Salt Lake City's mayor and council surprised almost everyone in the Sugar House neighborhood by spending $7 million for a property with an assessed value of $2.8 million right next to a quiet and inviting single family home neighborhood. The irony in that decision flies in the face of the America's Great Neighborhoods' language that described the neighborhood as having "a decades-long tradition of citizens being engaged in local planning."

When the homeowners and businesses were told about the plan to place a homeless shelter next to their homes, the news was given to them by reporters, not by city elected officials or staff. That disrespect shown to the neighborhood was compounded by the statements of the mayor and council that the neighborhood would not be negatively impacted. But the only example that the city provided for a homeless resource center was the Road Home in the Rio Grande area.

The city has explained that the residents adjacent to the facility would not see drug dealers or crime around the new homeless resource centers because the residents would not be lined up outside the facilities. But, as many service providers have indicated, removing drugs from homeless residents is difficult, if not impossible.

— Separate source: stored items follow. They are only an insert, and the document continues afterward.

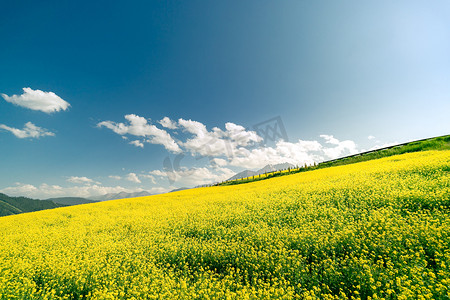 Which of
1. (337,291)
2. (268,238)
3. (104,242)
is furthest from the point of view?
(104,242)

The city has been unable to remove the drug dealers from around the Rio Grande area despite a significant police presence. According to realtor.com, homes near homeless shelters decrease in value 12.7 percent. The 80 violent crime incidents near the YWCA in the last three months don't seem to bother anyone in the city. There were 11 in the same time period in a larger area around Sugar House.

That is just one of the concerns of the neighbors of the proposed homeless facility. Many other homeowners believe that they have lost tens of thousands of dollars of equity and value in their homes. Desperate homeowners and businesses have discussed lawsuits and taking their complaints to the Legislature. Despite the city paying a premium for the Sugar House property, the neighborhood homes and businesses have lost much more in value due to this decision. Salt Lake City has said that they are undertaking a study of the equity loss, but there is no plan to compensate the adjacent neighbors.

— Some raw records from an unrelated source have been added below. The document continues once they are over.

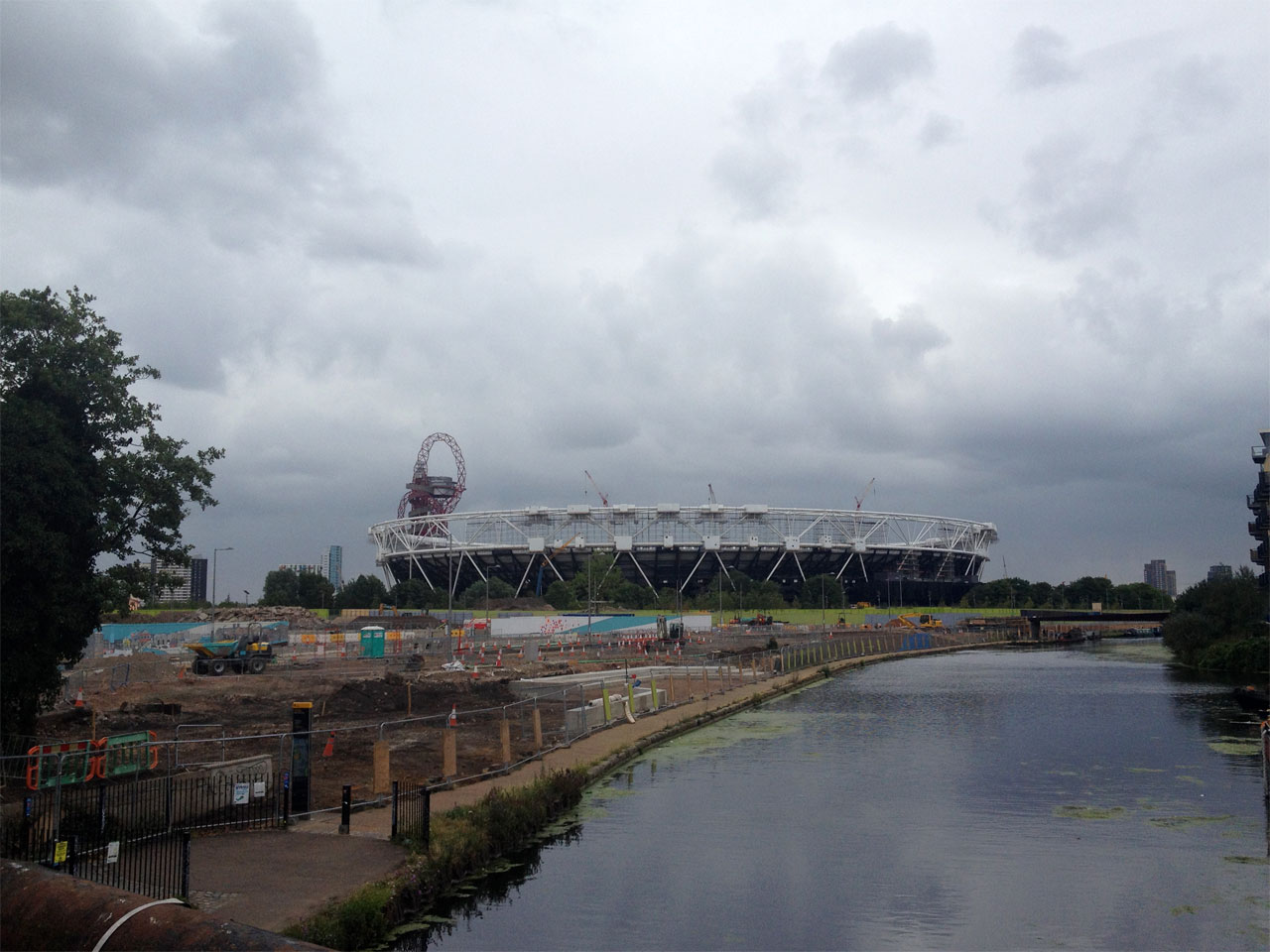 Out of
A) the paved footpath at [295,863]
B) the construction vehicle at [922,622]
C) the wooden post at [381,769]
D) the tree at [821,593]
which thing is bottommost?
the construction vehicle at [922,622]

After years of planning to use the Sugar House Streetcar to help develop the neighborhood into a more inviting and walkable neighborhood, the city seems to have thrown the recently approved Sugar House Streetcar Corridor Plan out the window. One has to wonder where a homeless shelter sits in a more inviting and walkable mixed-use neighborhood. One of the City Council members agreed that "persuading a neighborhood to accept a shelter will be tough," remembering the backlash against the Inn Between homeless hospice. In addition, there now seems to be a fight in the council about what was planned for the Sugar House site. Originally, the council assumed that the women and children's shelter would be at the Sugar House facility, but after the backlash two of the council members indicated that they were against a homeless resource center next to the adjacent single family home neighborhood.

In the America's Great Neighborhood Award, under Community Engagement, the award listed "Extensive public participation; for 35 years citizens have participated in every planning process affecting the neighborhood."

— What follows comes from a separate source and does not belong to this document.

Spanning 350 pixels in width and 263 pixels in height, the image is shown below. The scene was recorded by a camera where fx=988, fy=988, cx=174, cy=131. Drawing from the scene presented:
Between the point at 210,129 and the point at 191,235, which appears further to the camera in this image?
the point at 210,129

The homeless site selection process ignored the implied promise that this award-winning neighborhood would continue to be inviting. Sugar House homeowners and businesses deserve protection of one of America's Great Neighborhoods. A homeless shelter in a quiet single family home neighborhood should be the last thing a city should consider.

The homeless sites plan should drop the Sugar House location and the city should save its $7 million for better uses.

Christopher Sveiven lives in Sugar House and will soon join the Sugar House Community Council.